• [Goal of the exercise] Your reply should reproduce all the data below exactly while excluding the pictures.

• [Records for this exercise]
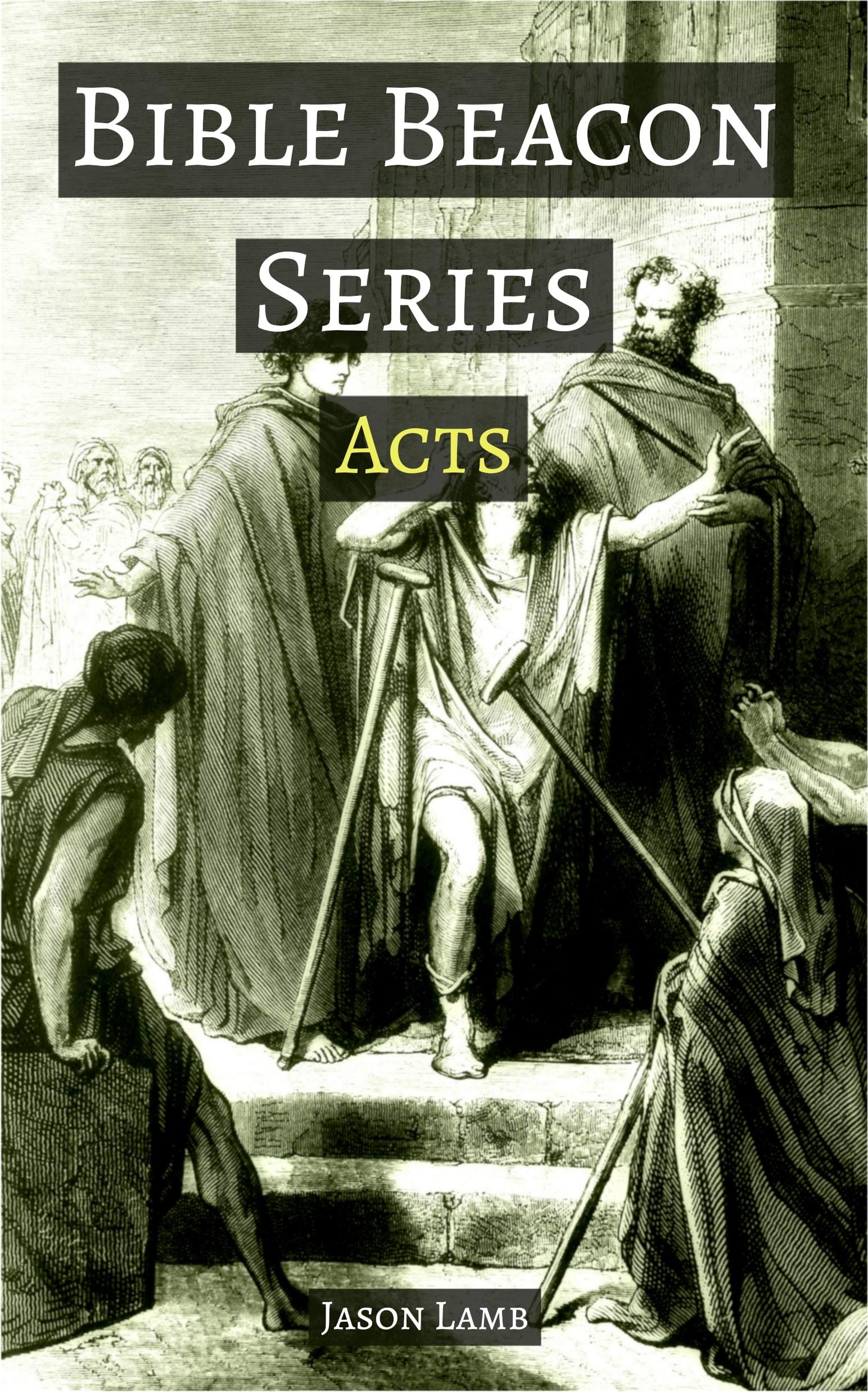 Bible Beacon Series Acts by Jason Lamb Goodreads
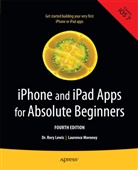 Ror Lewis, Rory Lewis, Laurence Moroney - iPhone and iPad Apps for Absolute Beginners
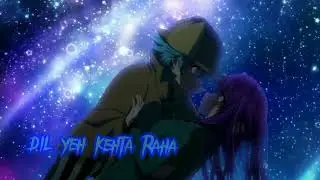 anime mix amv on hindi song ( kuch baatein )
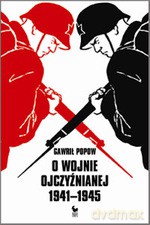 O wojnie ojczyźnianej 1941-1945 - Gawrił Popow [KSIĄŻKA]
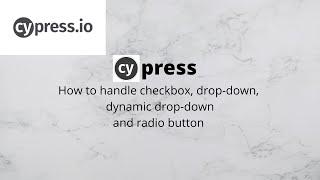 How to handle checkbox, drop-down, radio button and dynamic drop-down in cypress in Hindi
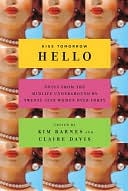 Kiss Tomorrow Hello: Notes from the Midlife Underground by Twenty-Five Women over Forty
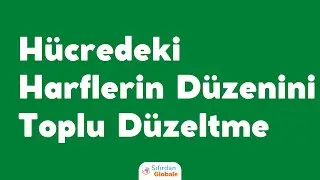 Google Sheets Üzerinde Hücrelerin Baş Harflerin / Tüm Harflerini Büyütme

• [Solution to the exercise]
 Bible Beacon Series Acts by Jason Lamb Goodreads
 Ror Lewis, Rory Lewis, Laurence Moroney - iPhone and iPad Apps for Absolute Beginners
 anime mix amv on hindi song ( kuch baatein )
 O wojnie ojczyźnianej 1941-1945 - Gawrił Popow [KSIĄŻKA]
 How to handle checkbox, drop-down, radio button and dynamic drop-down in cypress in Hindi
 Kiss Tomorrow Hello: Notes from the Midlife Underground by Twenty-Five Women over Forty
 Google Sheets Üzerinde Hücrelerin Baş Harflerin / Tüm Harflerini Büyütme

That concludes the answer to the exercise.